VANCOUVER -- Warning sirens are being installed along the Capilano River, six months after an accident at the river’s Cleveland Dam took the lives of a father and son.

The pair had been fishing on the banks of the river, when a human error caused the dam gates to open without warning on Oct. 1, 2020. The river’s water level surged, and at least five people along the river banks were swept away.

Three of the people survived, but the father and son didn’t make it. Sixty-one-year-old Ryan Nickerson’s body was recovered within hours, but his son’s body, that of 27-year-old Hugh, was never found. Since then, friends and family members have been advocating for changes.

Metro Vancouver, the regional authority that operates the dam, now plans to install several warning sirens, with installation starting in April and lasting through May.

“We will install an interim public warning system that includes audible and visible alarms and additional public warning signage,” reads a statement from Metro Vancouver.

The interim system will include “public-facing alarms and sirens on wooden poles at six locations along the Capilano River.” Testing will happen during the daytime, over a two week period.

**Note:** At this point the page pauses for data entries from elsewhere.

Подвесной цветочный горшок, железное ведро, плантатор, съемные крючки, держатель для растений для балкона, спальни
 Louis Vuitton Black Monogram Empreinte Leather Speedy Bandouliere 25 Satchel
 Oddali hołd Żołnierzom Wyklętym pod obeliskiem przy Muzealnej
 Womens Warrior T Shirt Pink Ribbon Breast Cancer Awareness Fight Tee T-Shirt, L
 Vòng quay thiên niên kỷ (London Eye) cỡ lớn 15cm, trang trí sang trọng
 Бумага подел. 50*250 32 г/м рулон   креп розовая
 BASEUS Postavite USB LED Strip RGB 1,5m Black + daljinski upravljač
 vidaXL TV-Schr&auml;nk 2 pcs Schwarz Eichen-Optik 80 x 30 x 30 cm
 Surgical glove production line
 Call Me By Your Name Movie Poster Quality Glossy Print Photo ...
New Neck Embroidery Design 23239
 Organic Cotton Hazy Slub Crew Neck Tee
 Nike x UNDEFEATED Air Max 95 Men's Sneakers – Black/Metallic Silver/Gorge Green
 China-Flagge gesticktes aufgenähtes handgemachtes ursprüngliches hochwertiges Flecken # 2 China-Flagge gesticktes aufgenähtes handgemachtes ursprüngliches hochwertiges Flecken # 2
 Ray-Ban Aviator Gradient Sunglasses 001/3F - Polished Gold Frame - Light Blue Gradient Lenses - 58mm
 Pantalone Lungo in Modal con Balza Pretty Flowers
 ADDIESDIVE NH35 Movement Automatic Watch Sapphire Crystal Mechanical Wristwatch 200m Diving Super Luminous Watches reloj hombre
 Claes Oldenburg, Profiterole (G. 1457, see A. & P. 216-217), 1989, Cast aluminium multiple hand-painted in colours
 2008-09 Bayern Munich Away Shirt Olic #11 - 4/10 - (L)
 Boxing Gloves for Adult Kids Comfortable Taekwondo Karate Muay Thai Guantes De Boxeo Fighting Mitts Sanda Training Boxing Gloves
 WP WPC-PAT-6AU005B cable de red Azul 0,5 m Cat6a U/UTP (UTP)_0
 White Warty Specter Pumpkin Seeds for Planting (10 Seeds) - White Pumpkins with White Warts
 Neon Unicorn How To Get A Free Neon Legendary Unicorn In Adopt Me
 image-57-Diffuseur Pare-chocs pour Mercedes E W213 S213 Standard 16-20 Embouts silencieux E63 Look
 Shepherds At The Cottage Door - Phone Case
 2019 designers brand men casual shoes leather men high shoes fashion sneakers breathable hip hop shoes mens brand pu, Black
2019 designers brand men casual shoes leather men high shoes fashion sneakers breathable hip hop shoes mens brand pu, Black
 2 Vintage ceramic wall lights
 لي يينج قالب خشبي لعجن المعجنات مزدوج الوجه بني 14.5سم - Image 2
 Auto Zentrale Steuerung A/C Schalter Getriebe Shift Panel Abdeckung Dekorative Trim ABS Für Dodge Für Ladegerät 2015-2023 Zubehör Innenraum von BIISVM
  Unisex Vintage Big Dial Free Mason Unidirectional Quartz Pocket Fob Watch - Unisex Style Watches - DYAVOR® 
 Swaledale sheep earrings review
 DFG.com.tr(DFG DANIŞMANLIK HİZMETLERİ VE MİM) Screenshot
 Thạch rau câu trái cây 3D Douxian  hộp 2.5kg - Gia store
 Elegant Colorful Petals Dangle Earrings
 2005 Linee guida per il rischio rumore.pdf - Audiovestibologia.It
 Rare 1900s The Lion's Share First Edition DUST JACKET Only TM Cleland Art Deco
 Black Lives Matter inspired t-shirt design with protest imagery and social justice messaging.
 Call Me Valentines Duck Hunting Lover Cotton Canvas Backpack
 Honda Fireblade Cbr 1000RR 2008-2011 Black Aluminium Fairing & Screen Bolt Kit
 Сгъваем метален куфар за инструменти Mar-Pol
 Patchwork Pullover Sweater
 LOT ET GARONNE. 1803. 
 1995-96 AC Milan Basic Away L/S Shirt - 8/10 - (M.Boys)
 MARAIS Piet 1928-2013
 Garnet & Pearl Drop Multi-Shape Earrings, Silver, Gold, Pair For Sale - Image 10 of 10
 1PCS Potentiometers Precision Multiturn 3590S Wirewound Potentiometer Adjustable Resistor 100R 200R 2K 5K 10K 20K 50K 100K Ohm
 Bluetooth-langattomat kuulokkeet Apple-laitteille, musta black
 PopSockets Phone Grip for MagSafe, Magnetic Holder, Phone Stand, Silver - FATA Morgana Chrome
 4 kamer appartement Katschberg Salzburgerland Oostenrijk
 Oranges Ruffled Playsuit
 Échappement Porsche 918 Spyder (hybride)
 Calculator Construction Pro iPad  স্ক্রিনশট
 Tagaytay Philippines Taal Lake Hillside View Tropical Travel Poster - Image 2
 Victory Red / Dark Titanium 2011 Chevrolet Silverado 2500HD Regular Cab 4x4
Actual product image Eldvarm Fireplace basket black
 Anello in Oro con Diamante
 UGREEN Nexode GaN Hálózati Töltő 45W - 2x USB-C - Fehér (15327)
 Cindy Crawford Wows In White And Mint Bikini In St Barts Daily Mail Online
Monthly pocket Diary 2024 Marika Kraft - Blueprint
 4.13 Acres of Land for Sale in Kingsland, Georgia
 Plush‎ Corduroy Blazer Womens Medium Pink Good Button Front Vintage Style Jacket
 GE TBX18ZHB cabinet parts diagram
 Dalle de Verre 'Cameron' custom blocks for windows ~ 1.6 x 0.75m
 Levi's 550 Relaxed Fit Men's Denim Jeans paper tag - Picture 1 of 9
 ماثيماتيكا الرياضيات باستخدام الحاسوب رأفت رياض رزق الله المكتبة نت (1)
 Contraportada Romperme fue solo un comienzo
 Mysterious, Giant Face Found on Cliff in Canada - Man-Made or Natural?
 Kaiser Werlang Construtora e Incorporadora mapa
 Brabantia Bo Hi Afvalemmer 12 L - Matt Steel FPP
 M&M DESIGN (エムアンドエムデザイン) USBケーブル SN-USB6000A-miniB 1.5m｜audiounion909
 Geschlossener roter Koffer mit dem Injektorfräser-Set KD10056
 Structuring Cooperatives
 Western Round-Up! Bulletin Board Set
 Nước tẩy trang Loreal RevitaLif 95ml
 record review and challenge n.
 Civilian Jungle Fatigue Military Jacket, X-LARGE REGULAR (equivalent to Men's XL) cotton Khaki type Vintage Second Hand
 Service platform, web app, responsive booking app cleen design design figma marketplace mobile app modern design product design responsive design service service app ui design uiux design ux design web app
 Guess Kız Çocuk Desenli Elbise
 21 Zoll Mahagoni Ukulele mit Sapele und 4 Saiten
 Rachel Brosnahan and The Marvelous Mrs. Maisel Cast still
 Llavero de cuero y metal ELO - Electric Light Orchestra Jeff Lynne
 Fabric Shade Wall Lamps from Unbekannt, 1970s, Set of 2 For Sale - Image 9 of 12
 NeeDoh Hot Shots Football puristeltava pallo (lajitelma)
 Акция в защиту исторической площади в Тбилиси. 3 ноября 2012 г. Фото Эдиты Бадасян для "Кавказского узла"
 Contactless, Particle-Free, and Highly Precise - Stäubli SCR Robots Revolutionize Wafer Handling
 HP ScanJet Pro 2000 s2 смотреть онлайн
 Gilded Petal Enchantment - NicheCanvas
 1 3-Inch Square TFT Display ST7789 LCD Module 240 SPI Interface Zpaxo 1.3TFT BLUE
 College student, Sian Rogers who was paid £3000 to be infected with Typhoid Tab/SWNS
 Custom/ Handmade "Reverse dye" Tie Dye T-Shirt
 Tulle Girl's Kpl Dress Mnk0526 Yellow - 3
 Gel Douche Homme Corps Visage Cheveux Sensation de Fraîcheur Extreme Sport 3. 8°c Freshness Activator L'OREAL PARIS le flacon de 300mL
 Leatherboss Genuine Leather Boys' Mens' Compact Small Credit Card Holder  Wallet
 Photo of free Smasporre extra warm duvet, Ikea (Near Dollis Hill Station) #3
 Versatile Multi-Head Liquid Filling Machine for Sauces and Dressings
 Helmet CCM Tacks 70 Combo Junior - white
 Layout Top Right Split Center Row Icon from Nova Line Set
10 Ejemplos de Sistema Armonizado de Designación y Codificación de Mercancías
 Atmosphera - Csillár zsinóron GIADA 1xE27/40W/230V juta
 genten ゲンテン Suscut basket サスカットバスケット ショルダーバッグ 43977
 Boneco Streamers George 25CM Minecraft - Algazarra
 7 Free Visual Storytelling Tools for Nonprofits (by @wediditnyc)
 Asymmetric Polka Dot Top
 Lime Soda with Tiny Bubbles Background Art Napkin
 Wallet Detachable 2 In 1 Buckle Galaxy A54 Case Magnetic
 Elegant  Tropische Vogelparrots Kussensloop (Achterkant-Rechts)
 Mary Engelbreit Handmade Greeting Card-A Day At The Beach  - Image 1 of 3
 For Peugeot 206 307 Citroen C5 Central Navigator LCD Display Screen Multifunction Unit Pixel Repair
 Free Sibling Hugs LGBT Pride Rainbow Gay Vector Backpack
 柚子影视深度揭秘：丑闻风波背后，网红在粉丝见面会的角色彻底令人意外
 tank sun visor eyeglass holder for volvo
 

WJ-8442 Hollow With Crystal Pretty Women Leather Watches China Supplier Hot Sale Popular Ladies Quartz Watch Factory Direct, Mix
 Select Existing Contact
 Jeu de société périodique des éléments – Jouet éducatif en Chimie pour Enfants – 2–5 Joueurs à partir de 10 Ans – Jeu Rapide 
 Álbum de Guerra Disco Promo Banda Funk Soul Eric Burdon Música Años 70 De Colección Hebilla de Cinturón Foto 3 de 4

The warning sirens will be installed at the following locations:

  • Cleveland Dam Screen Room
  • Capilano River Hatchery
  • Trans-Canada Highway Bridge
  • Fullerton Bridge
  • Marine Drive Bridge
  • Taylor Way Bridge

The authority also says it is embarking on a public engagement project to get feedback and ideas for a permanent and long-term warning system. The final system will be designed in consultation with outside engineers.

Safety reports on the Cleveland Dam, previously obtained by CTV News Vancouver, showed that there had been several safety recommendations made before the accident that hadn’t been implemented.

Three Metro Vancouver employees were fired following the fatal incident.